プーチン色に染まる世界 〜偏狭なナショナリズムが次々台頭する理由

トランプ現象と共鳴する新たな潮流
笠原 敏彦 プロフィール

その要点は次の通りだ。

・アサド政権は一時崩壊寸前だったが、ロシアの支援で生き残りに自信を持つようになった。

・欧州諸国はロシアがシリア難民を“兵器化”していると批判。空爆強化で難民流出に拍車をかけ、その受け入れ先である欧州を脅し、トルコを罰している。

・プーチンは、反欧州連合(EU)を掲げる欧州のポピュリスト政党を支援してきた。難民危機はこうした政党へのボーナスだ。EUが弱体化すれば、ロシアはウクライナやジョージア、ベラルーシなどの影響圏を維持し易くなる。

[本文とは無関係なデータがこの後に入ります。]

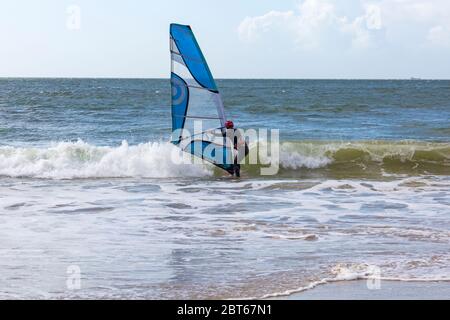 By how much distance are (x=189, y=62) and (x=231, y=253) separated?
15.7ft

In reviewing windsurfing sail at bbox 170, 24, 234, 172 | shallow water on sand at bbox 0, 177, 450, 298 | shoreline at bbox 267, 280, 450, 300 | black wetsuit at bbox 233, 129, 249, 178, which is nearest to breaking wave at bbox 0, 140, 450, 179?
black wetsuit at bbox 233, 129, 249, 178

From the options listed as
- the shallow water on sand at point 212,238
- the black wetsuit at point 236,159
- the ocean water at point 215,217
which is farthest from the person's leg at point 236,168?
the shallow water on sand at point 212,238

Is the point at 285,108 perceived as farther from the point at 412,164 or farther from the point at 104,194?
the point at 104,194

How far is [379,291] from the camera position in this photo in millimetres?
5840

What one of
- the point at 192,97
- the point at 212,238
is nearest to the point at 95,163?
the point at 192,97

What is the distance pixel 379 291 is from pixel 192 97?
20.6 ft

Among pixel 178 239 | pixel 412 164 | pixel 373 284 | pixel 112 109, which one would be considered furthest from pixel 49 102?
pixel 373 284

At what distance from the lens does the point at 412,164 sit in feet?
54.3

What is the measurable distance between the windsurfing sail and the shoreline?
19.1ft

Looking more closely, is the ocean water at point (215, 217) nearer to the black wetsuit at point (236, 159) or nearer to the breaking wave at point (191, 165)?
the breaking wave at point (191, 165)

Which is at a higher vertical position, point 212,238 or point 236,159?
point 236,159

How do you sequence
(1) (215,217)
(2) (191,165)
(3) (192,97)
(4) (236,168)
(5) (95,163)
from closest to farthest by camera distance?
(1) (215,217) → (3) (192,97) → (4) (236,168) → (2) (191,165) → (5) (95,163)

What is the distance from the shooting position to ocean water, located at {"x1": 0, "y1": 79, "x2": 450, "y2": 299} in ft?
20.7

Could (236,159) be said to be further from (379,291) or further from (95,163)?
(379,291) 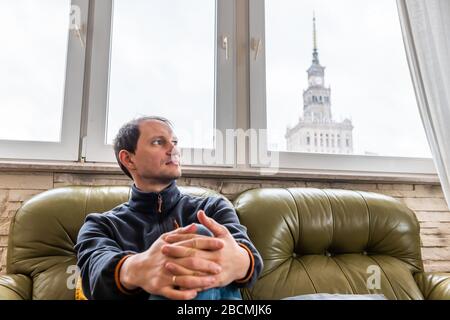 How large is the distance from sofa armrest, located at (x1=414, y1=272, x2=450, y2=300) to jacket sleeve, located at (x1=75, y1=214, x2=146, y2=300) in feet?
3.27

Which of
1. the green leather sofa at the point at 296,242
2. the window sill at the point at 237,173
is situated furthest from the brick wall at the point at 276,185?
the green leather sofa at the point at 296,242

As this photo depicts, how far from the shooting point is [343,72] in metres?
1.69

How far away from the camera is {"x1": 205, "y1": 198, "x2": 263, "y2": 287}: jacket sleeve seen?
71 centimetres

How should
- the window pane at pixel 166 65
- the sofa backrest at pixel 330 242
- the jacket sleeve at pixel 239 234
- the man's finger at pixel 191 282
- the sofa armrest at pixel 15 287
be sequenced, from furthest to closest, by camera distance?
the window pane at pixel 166 65 → the sofa backrest at pixel 330 242 → the sofa armrest at pixel 15 287 → the jacket sleeve at pixel 239 234 → the man's finger at pixel 191 282

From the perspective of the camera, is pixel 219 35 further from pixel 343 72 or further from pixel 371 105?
pixel 371 105

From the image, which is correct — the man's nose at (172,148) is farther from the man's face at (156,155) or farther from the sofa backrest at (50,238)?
the sofa backrest at (50,238)

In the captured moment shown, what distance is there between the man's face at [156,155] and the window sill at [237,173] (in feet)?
1.26

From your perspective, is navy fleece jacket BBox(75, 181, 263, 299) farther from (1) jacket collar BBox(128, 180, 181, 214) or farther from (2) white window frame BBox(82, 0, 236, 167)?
(2) white window frame BBox(82, 0, 236, 167)

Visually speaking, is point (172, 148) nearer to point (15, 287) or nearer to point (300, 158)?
point (15, 287)

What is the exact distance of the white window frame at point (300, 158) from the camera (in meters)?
1.50

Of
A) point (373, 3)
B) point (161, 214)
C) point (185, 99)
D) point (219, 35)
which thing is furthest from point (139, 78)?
point (373, 3)

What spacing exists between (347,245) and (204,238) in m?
0.76

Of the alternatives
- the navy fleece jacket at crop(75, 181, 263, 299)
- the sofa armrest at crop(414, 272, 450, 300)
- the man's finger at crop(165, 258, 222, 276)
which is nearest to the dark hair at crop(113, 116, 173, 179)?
the navy fleece jacket at crop(75, 181, 263, 299)

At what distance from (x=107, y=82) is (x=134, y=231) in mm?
838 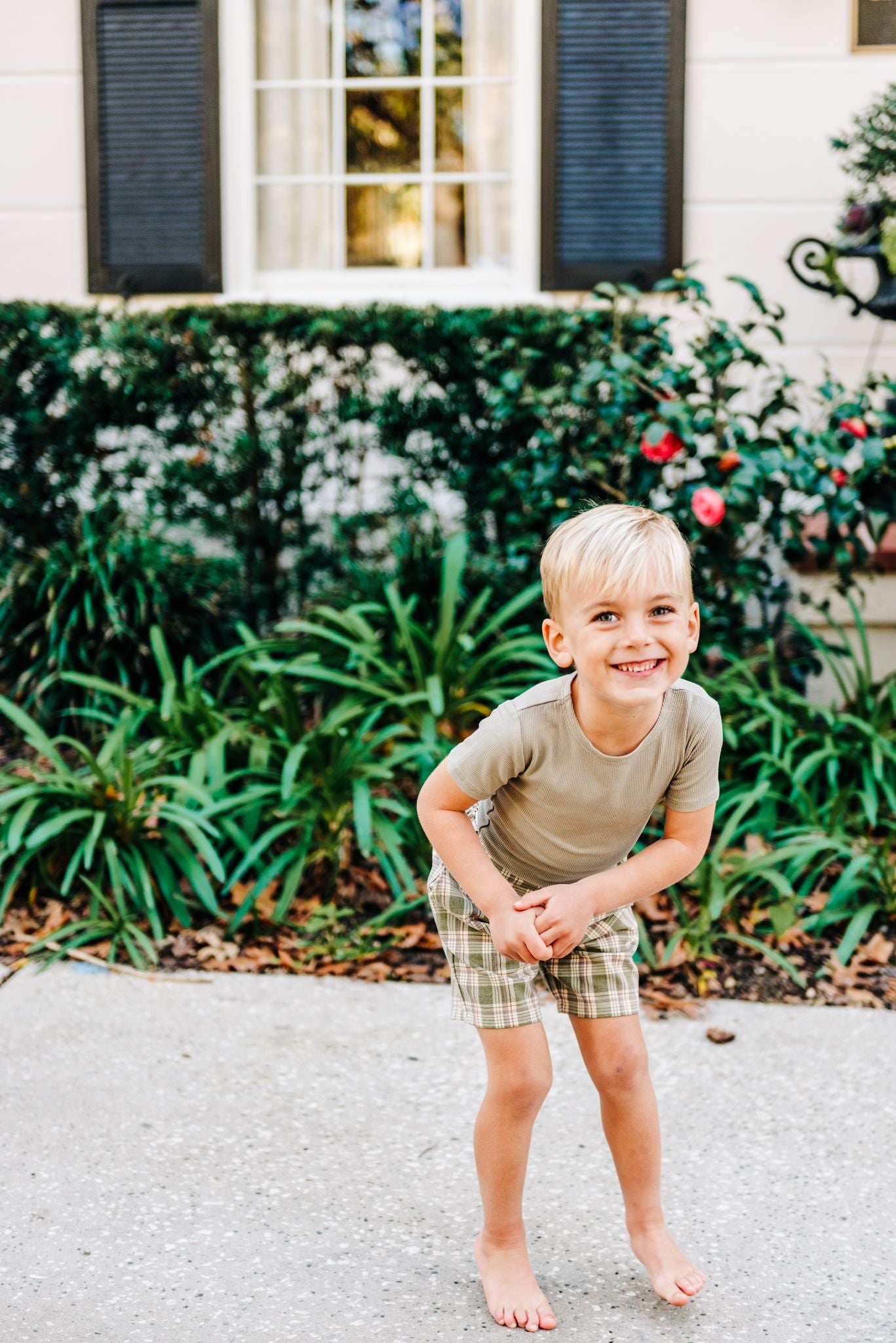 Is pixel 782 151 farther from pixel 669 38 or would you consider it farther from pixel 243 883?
pixel 243 883

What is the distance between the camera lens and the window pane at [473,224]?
5363 mm

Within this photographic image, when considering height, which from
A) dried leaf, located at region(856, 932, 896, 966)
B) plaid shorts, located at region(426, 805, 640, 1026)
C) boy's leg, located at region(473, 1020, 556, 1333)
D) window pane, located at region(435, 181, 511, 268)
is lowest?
dried leaf, located at region(856, 932, 896, 966)

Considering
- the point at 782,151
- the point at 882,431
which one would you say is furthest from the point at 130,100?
the point at 882,431

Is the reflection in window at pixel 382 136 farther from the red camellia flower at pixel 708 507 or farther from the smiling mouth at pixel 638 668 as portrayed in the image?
the smiling mouth at pixel 638 668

記事の中で衝撃的なのは、ロシアの軍事作戦の非情さだ。

反政府勢力が支配する地域では2月中旬、ロシア軍の意図的と見られる空爆で国際医療支援団体「国境なき医師団(MSF)」が運営する病院など複数の医療施設が破壊された。記事は専門家の分析を引用し、ロシアの狙いは、市民を恐怖に陥れて逃避させ、その地域により徹底的な攻撃を加えることだと説明している。

エコノミスト誌の記事の内容をぎゅっと凝縮するなら、プーチン大統領はシリア軍事介入の目的をほぼ達しつつあるということだ。

だから、ここで国連主導の和平プロセスへ移行し、アサド政権が奪還した支配地域を固定化する▽関係が悪化したトルコへの圧力としてシリアのトルコ国境沿いにクルド人自治区を確立する、ことなどを狙っているのだろう。事実上のシリアの分割である。

 なぜシリアに軍事介入したのか

ここから、問題の核心に入りたい。プーチン大統領がシリアに軍事介入した真の理由とは何なのかということだ。

この点についてはこれまで、シリア・タルトゥースにあるロシア海軍唯一の地中海に面した補給拠点の維持が目的だとか、中東での影響力拡大が狙いだとか説明されてきた。しかし、必ずしもそうではないようだ。

筆者は最近、軍事・安全保障戦略を担う欧州の政府・軍首脳らと話す機会があり、この疑問をぶつけてみたのだが、その答えは明快だった。

彼らはプーチン大統領の真意について異口同音に「ロシアを大国として復活させることだ」と断言したのである。外交だ、安全保障だと言ってもしょせんは人間がやることだ、ということなのか。